In this article we are going to look in detail at a number of different models and quantities of video cards at medium, high, and ultra high. If you would rather simply view our conclusions, feel free to jump ahead to the conclusion section.
For our test system, we used the following hardware:
|Motherboard:||Asus Z10PE-D8 WS|
|CPU:||2x Intel Xeon E5-2687W V3 3.1GHz Ten Core|
|RAM:||8x Kingston DDR4-2133 8GB ECC Reg.|
|Hard Drive:||Samsung 850 Pro 512GB SATA 6Gb/s SSD|
|OS:||Windows 8.1 Pro 64-bit|
|PSU:||EVGA SuperNOVA 1600W P2 Power Supply|
|Software:||Agisoft PhotoScan 1.1.6 build 2038 (64-bit)|
We learned in our article "Agisoft PhotoScan Multi Core Performance" that how well PhotoScan can use multiple CPU cores improves as you increase the number of GPUs. At the same time, Agisoft recommends disabling one core per GPU (which is done through Preferences -> OpenCL) for best performance.
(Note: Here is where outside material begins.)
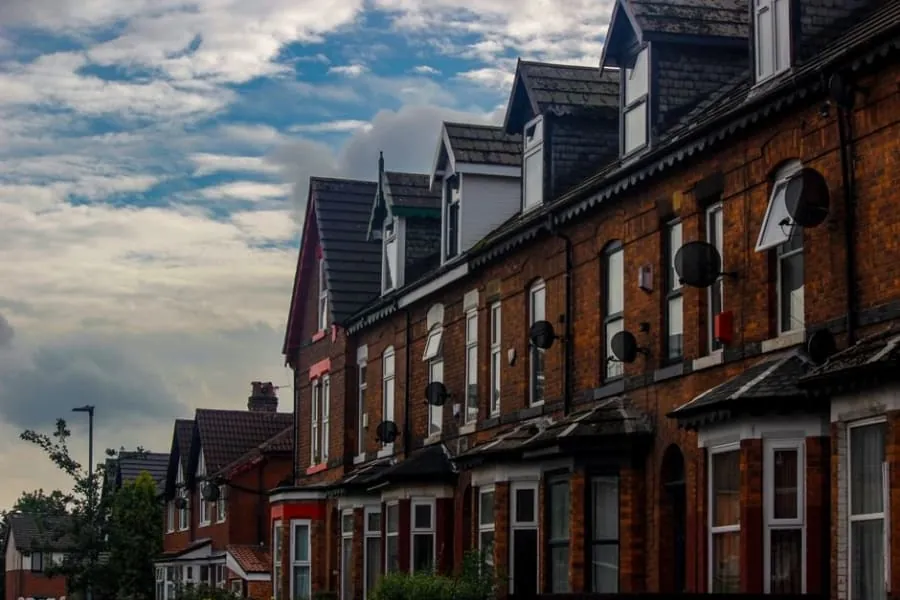 A row of red brick terraced houses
Because of these two factors we wanted to use a pair of Xeon E5 V3 ten core CPUs (for twenty physical cores in total) in order to ensure that the CPU would not bottleneck the video cards to any significant degree.
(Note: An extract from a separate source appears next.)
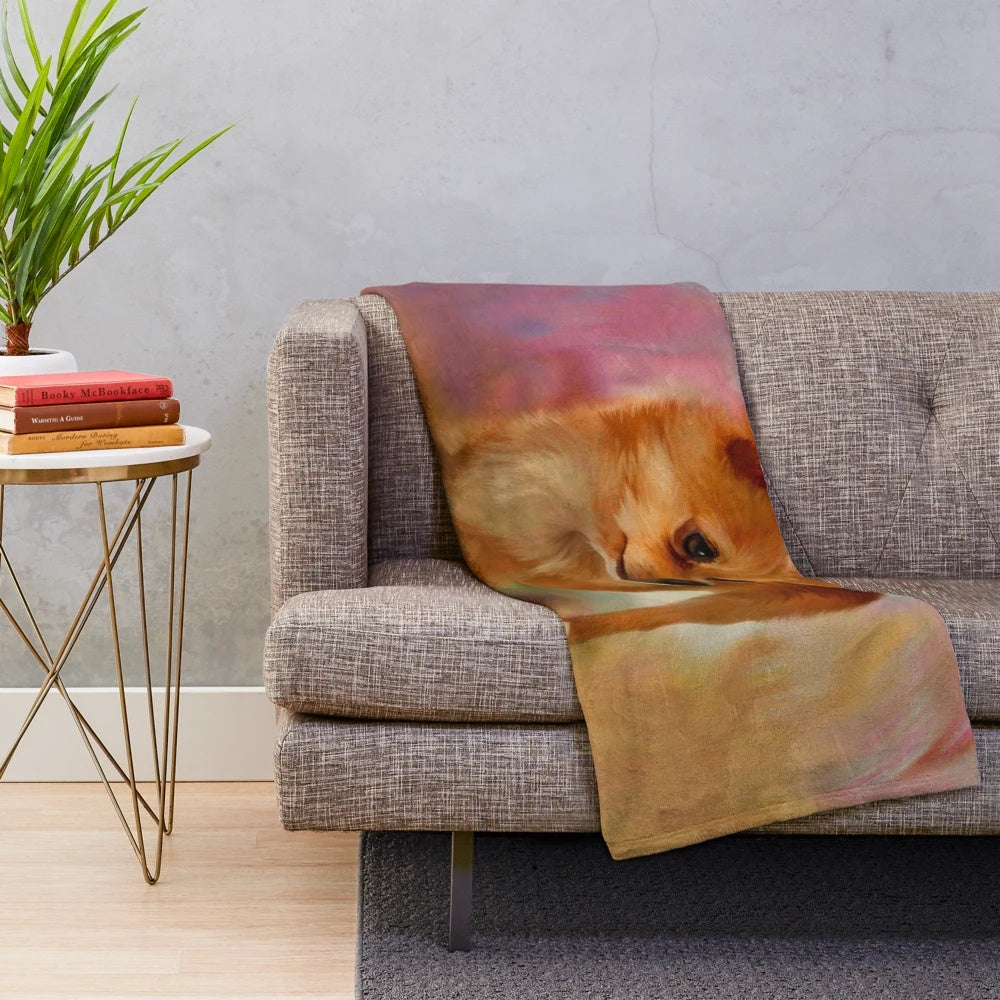 Cute chihuahua mixed media plush blanket with watercolor and pastel elements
Originally, we were only planning on testing single and dual GPU configurations but as you will soon see we quickly found the need to bump our testing all the way up to four video cards. The video cards we used in our testing are the following:
|Test Video Cards|
|1-4x NVIDIA GeForce GTX 960 2GB|
|1-4x NVIDIA GeForce GTX 970 4GB|
|1-4x NVIDIA GeForce GTX 980 4GB|
|1-4x NVIDIA GeForce GTX Titan X 12GB|
You will notice that we are only testing NVIDIA GeForce video cards and not NVIDIA Quadro or AMD Radeon/FirePro cards. PhotoScan should work fine with almost any video card since it uses OpenCL (which is compatible with any modern GPU), but since it does not require dual precision performance or ECC memory the NVIDIA Quadro and AMD FirePro video cards would simply be a waste of money as you would be paying for features that PhotoScan cannot use or need. AMD Radeon cards should work great and would actually probably be a bit better performance per dollar than the NVIDIA GeForce cards, but as we've discussed in the past we feel that in most situations AMD Radeon cards are simply too unreliable historically for a professional environment. Especially if you will be running a job that takes a very long time you really want to have video card(s) that are as reliable as possible.
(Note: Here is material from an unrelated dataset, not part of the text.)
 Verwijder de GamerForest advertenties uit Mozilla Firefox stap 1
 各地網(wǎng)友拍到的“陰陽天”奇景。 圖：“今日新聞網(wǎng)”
For our test data we used the Monument sample data that Agisoft has made available on their website. We found that this set of images was a good mix of being hard enough on the hardware to really test the GPU performance while also being relatively quick to finish (since we had to complete a large number of runs to give us the data we need). To ensure that our results will be accurate for larger data sets, we also did some spot testing using other projects including a larger data set provided to us from one of our customers. What we found is that while the resolution of the images doesn't influence the time it takes to align the photos, it does change the amount of time it takes to complete the other three steps at close to a 1:1 ratio. In addition, the number of images included in the data set also causes a linear increase in the amount of time it takes to complete all four steps (including aligning the photos). Since PhotoScan only uses the GPU for the "build dense cloud" step, this means that a data set with either twice the number of images or twice the MP count will take approximately twice the amount of time to complete for that step. Further, if you have a data set with twice the number of images and twice the MP count it will have a roughly 4x longer build time.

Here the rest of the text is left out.